START Collected data
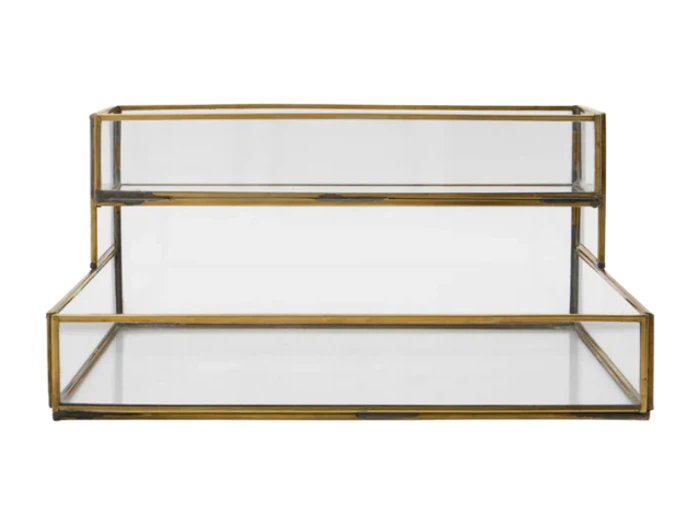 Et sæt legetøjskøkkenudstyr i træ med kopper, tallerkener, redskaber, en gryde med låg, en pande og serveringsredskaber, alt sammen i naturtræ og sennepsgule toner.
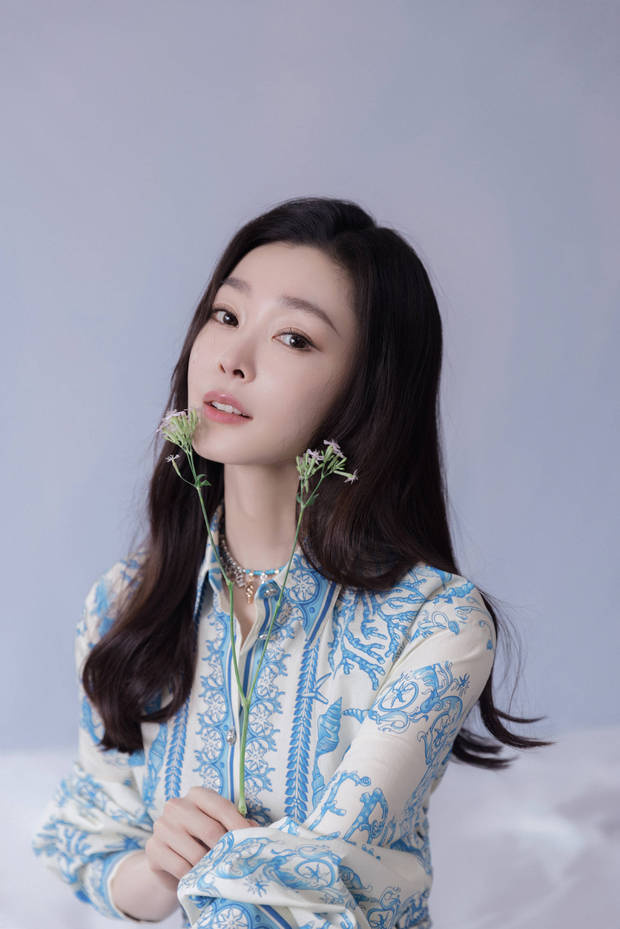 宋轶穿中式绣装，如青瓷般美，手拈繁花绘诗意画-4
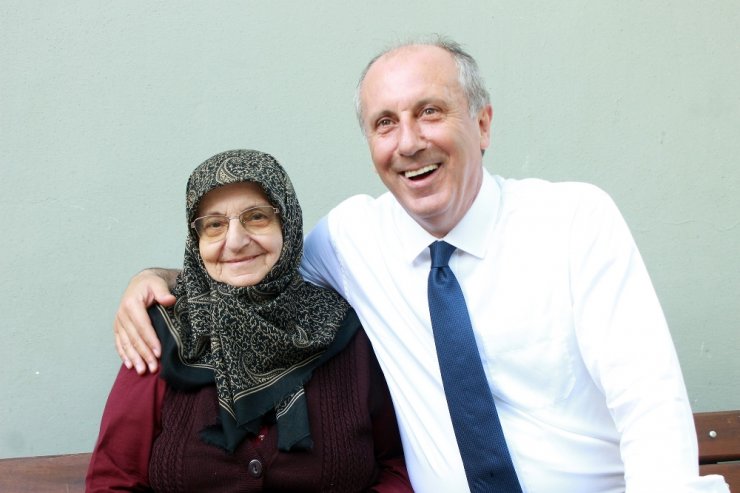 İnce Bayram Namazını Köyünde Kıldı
END Collected data
* [Assignment] Each line above is to be repeated exactly as written; no picture is carried over.

* [Output]
 Et sæt legetøjskøkkenudstyr i træ med kopper, tallerkener, redskaber, en gryde med låg, en pande og serveringsredskaber, alt sammen i naturtræ og sennepsgule toner.
 宋轶穿中式绣装，如青瓷般美，手拈繁花绘诗意画-4
 İnce Bayram Namazını Köyünde Kıldı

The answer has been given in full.